The net result of introducing the matrix of circular magnetized portions of the indicated polarity in FIG. 8 to the previously magnetized portions of the indicated polarity of FIG. 7, is shown in FIG. 9. FIG. 9, for example, shows the magnetic pattern which is revealed when a magnetic liquid is poured on the card surface. The rows and columns of the circular magnetic areas of FIG. 7 represent the actual code of the card. However, this code is effectively masked because many of the circular areas do not appear in the coded card as represented in FIG. 9, and parts of other circular areas become boundaries between the previously magnetized random areas.

Any unauthorized attempt to use the card of FIG. 9 is frustrated, for there is no way of determining the actual code which is incorporated into the card. For example, no effective reader or validator for the card can be constructed, because the unauthorized person does not know where to position the encoder sensors, or how large or how small the sensors should be to respond to the magnetic code which is hidden in the card of FIG. 9.

Specifically, it should be noted that for cards having portions coded into a magnetic pattern in accordance with the invention, and as shown in FIG. 9, each card has coded portions which are poled differently, so that for different cards having a random magnetic pattern such as shown in FIG. 7, the net result of the cards, as shown in FIG. 9, would be different for different codes on the card. Accordingly, even if a plurality of cards coded in accordance with the invention were obtained, it would not be economically possible to synthesize the necessary data to develop equipment which could validate the cards, or which would permit other cards to be encoded which would be passed by a validator capable of reading the code on the card of FIG. 9.

However, where a particular code is encoded into the card, as represented by the polarities illustrated in the circular portions, for example, of FIG. 8, such a code can be validated by equipment, such as described in U.S. Pat. No. 3,430,200 which issued Feb. 25, 1969 in the name of the present inventor, although no unauthorized person could determine the code beforehand, merely by an attempt to decipher the card of FIG. 9. Apparatus such as described in the said patent is shown, for example, in FIGS. 10-14.

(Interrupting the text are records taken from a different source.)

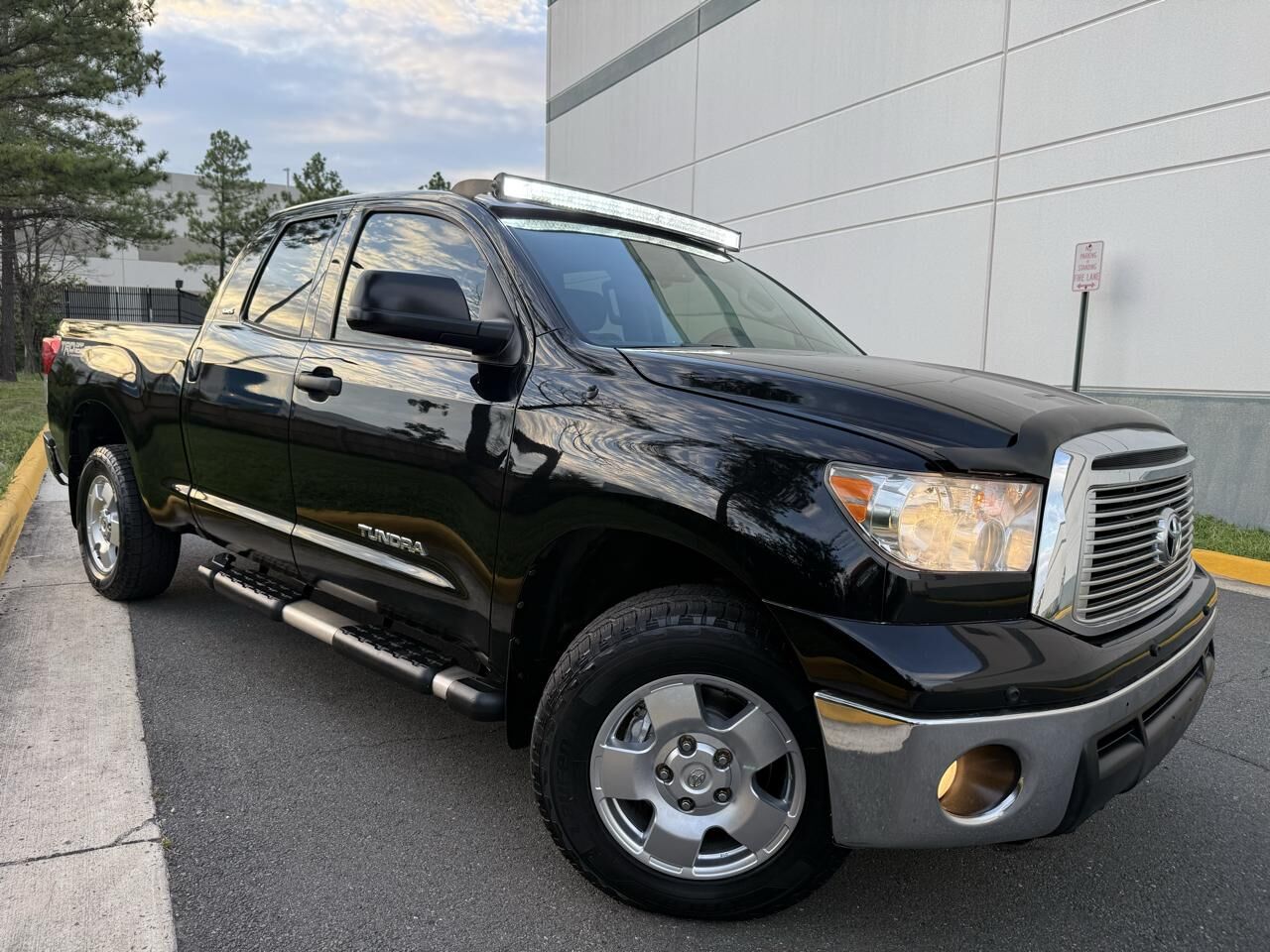 2011 TOYOTA Tundra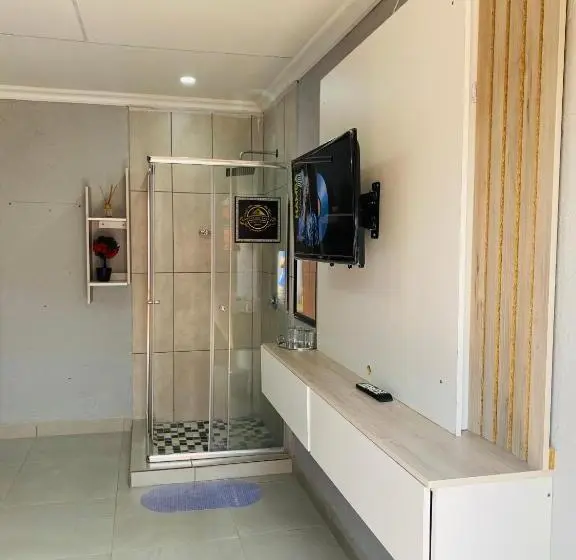 デラックスルーム, Executive Galaxy Guest House Nkowankowa Extension 2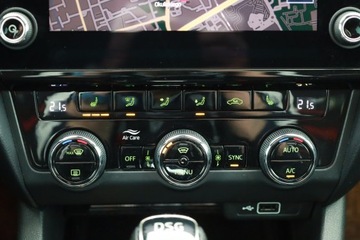 Skoda Octavia III RS Kombi Facelifting 2.0 TSI 230KM 2018 Skoda Octavia RS 2.0 TSI, Salon Polska, zdjęcie 9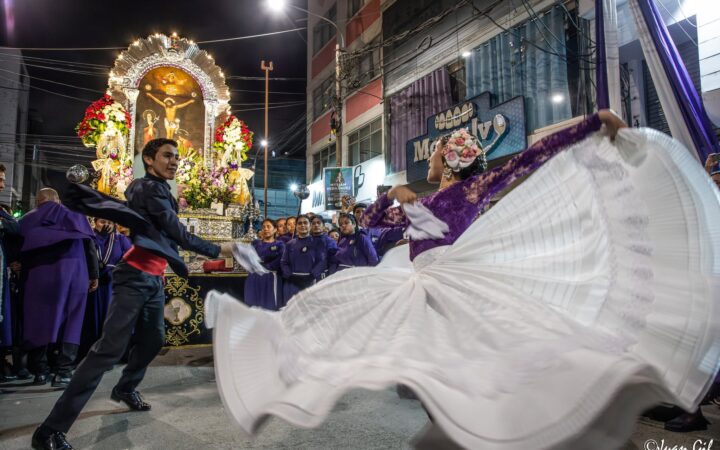 FOTOS: El tercer y último recorrido nocturno del Señor de los Milagros en Chiclayo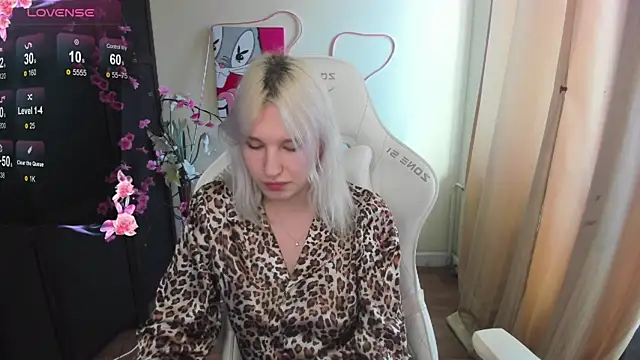 Snapshot of EvelinaLuu chatting on April 2026 04:54:02 AM EvelinaLuu online show from April 2026 04:54:02 AM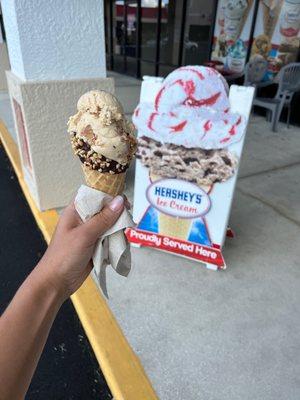 Needing a sweet treat after Hurricane Ian -$6 for peanut covered chocolate cone & 1 scoop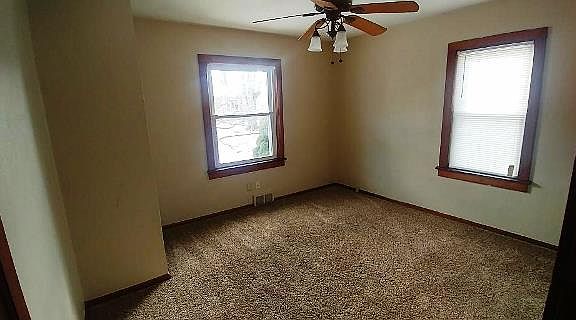5th image of 152 Caroline St
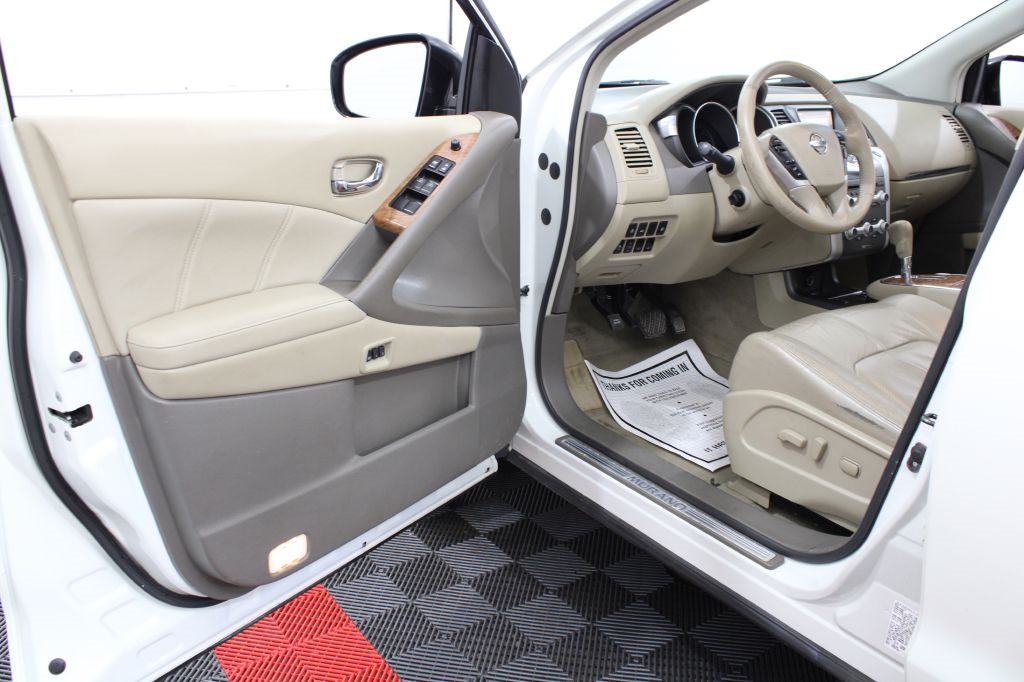 Nissan Murano S AWD 2011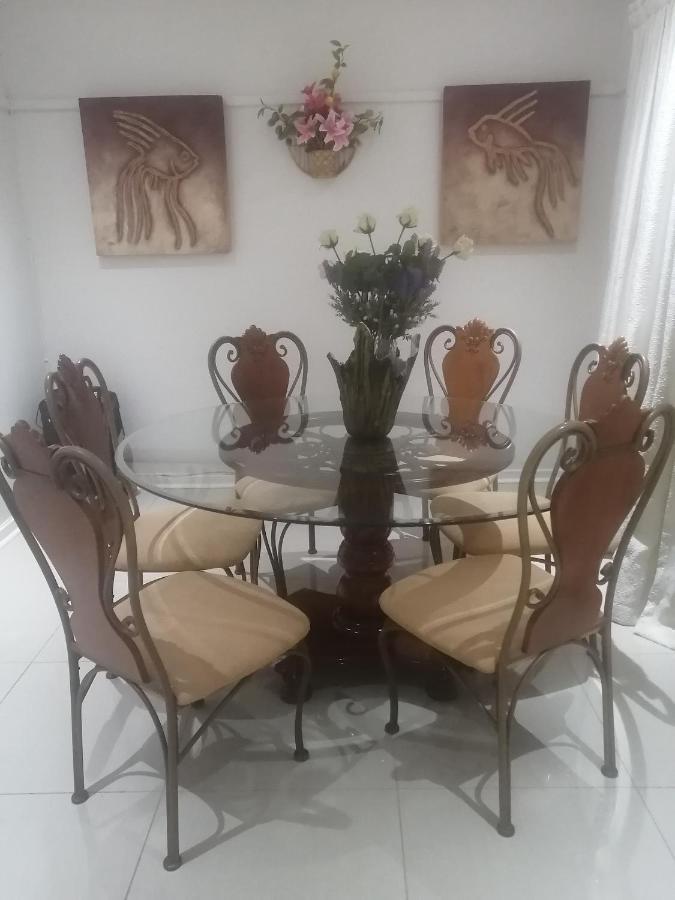 Lala Poa Guest House Klerksdorp Kültér fotó
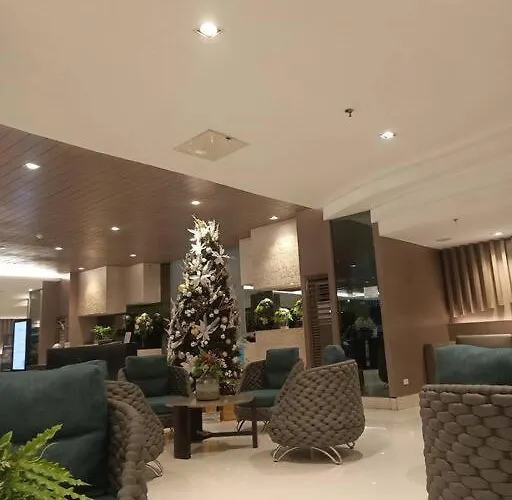 1 Bedroom With Balcony Near Moa *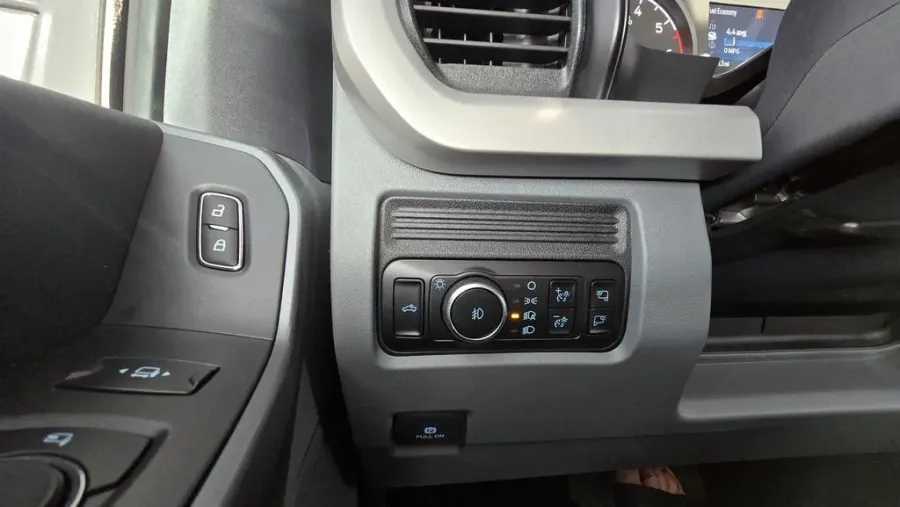 2026 Ford Super Duty F-350 | Photo 12 of 25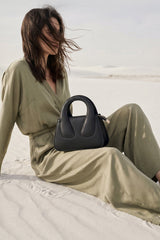 Fineur Handbag Crest - Black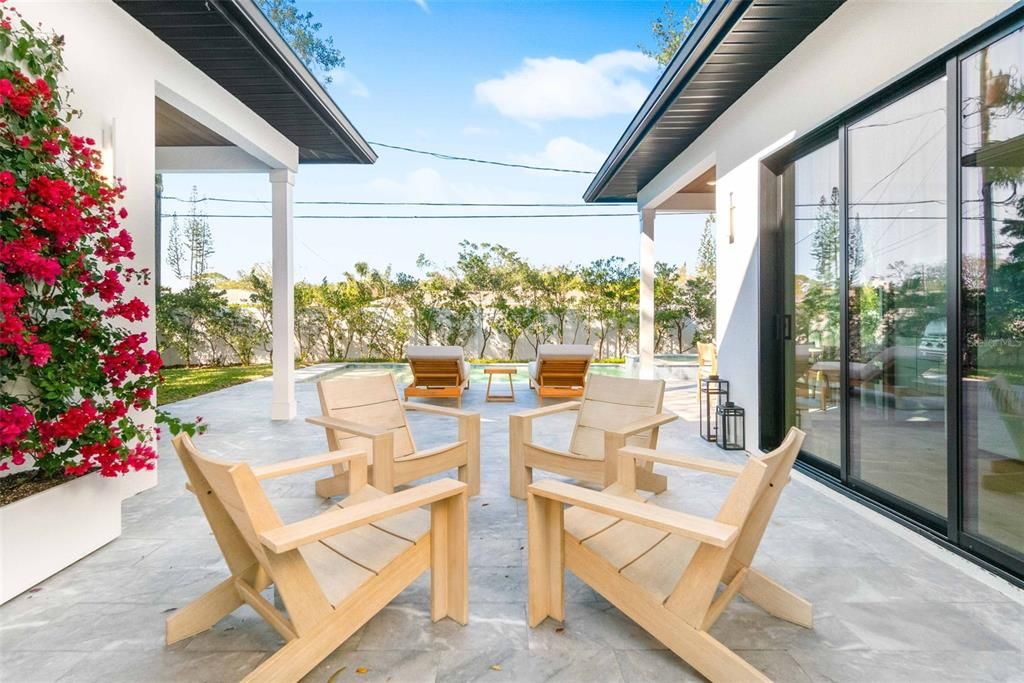 待售: $2,799,000 (4 贝兹, 4 浴室, 4624 平方英尺)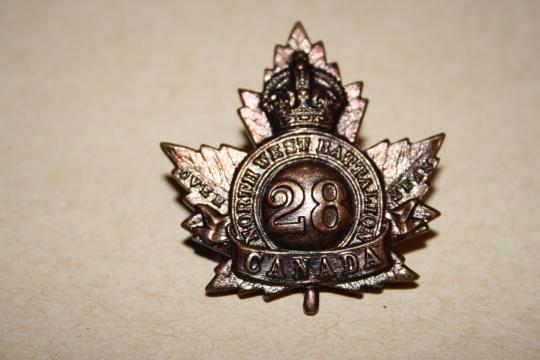 WW2 Regina Rifles Collar Badge 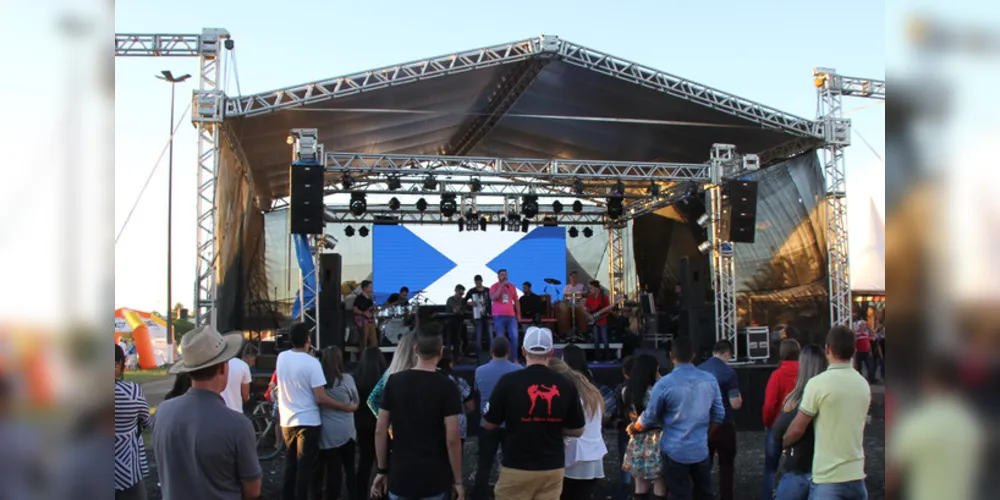 Imagem ilustrativa da imagem Palco secundário da Expo Palmeira tem 16 atrações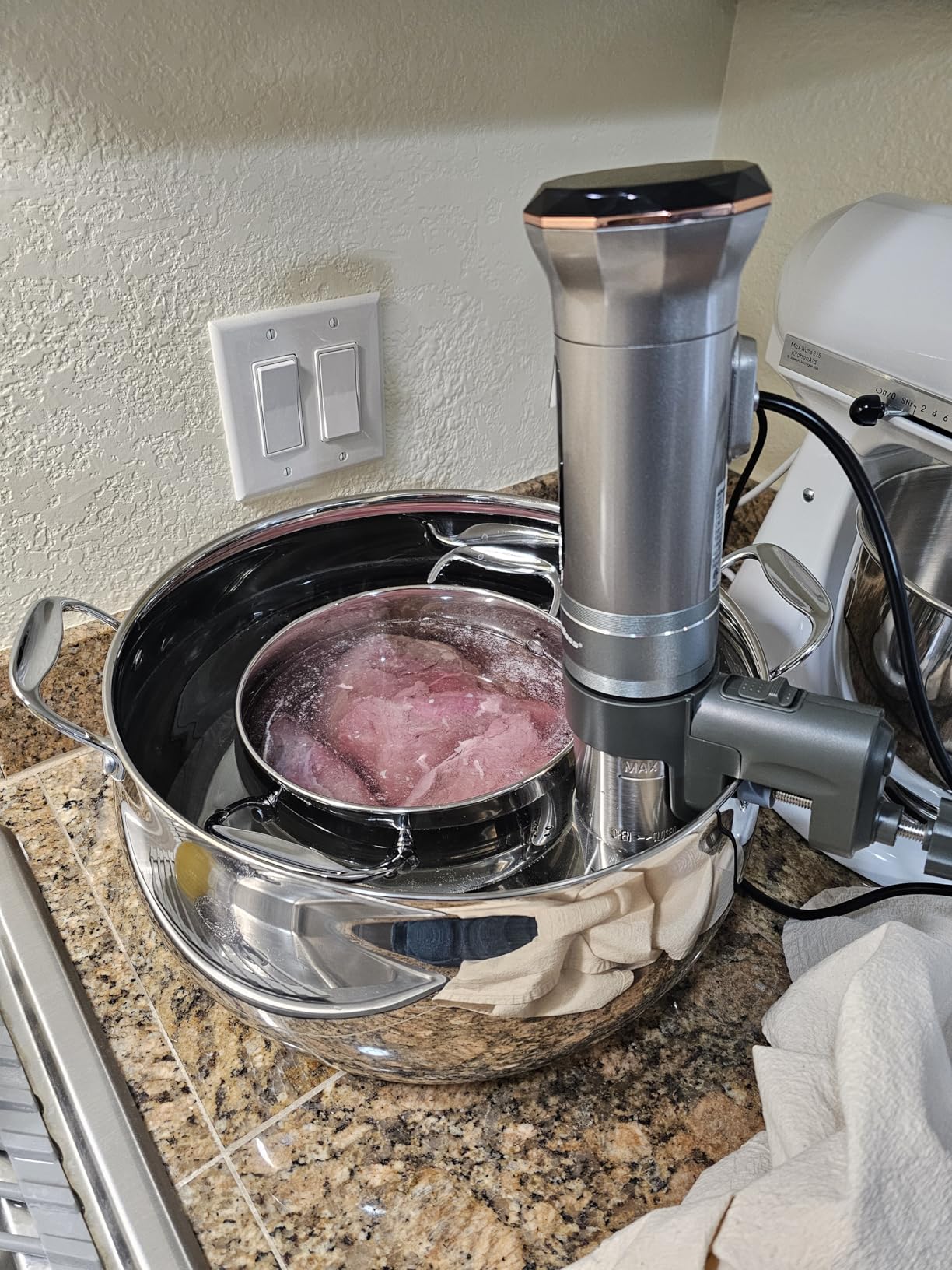 KitchenBoss Sous Vide Cooker Machine | 1100 Watts IPX7 Waterproof Sous-Vide G310/Silver | Suvee Cooker | Accurate Temperature Control Sous Vide Digital Display | Thermal Immersion Circulator customer photo 1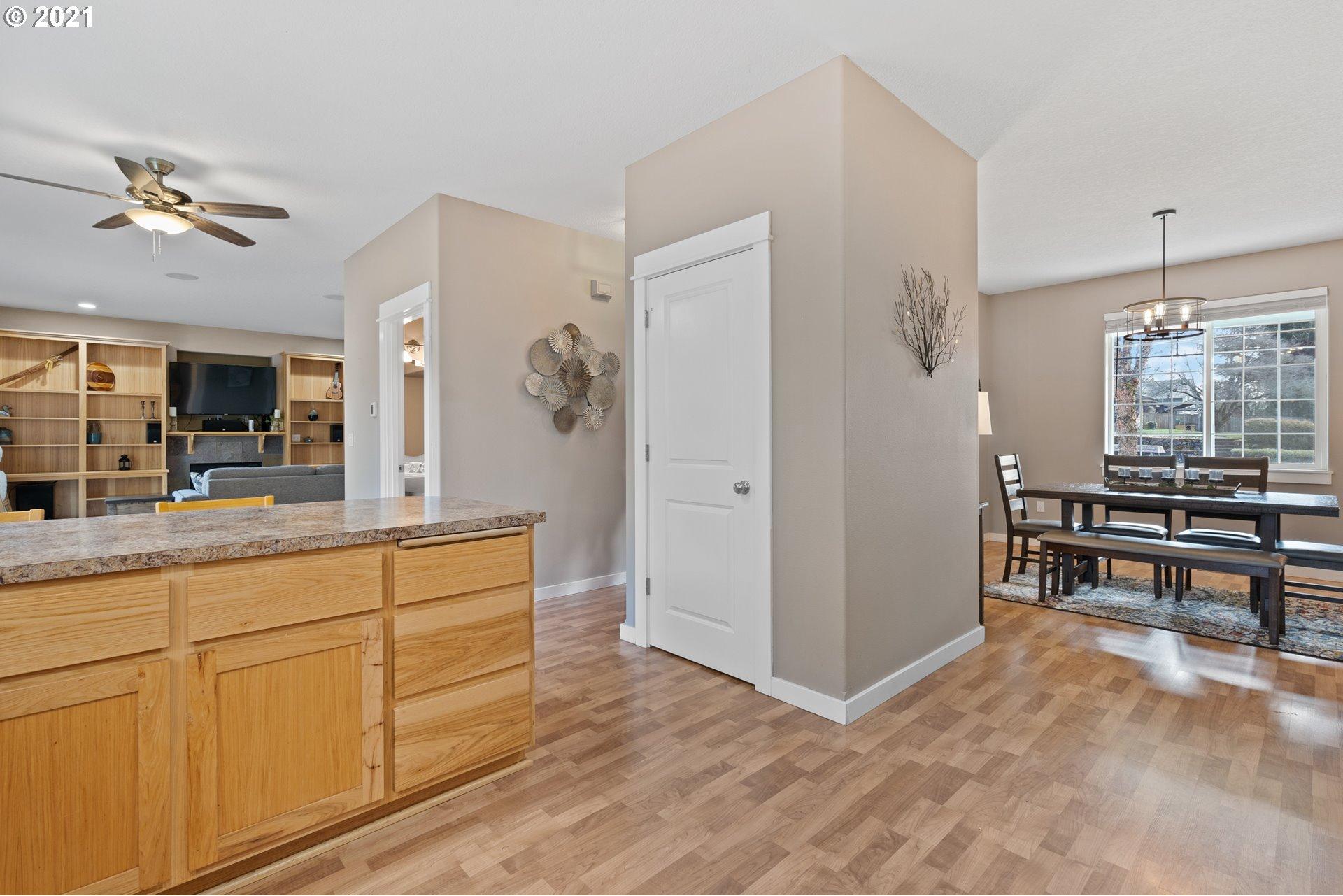 310 West Division Street Ridgefield, WA 98642 - Photo 9 of 32 Kitchen/Dining Room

Referring to FIGS. 10 and 11, a validator 20 is provided which includes a housing 22 which at one end has a slot 24 to receive the magnetic card 16, coded, for example, in accordance with the representation of FIG. 9. At the other end of the housing and as shown in FIG. 11, for example, is a row of push buttons numbered 0, 1, 2 . . . 9. Near the slot 24 is a test button 26 for connecting a green lamp 28 and a red lamp 30 to a power source to determine their operability. Also located near the ends of the slot 24 are slots 32 and 34 through which the upper ends of respective validations check and reset levers 36, 38 extend. As shown, the upper ends of these levers are provided with knobs to permit them to be readily manipulated by hand.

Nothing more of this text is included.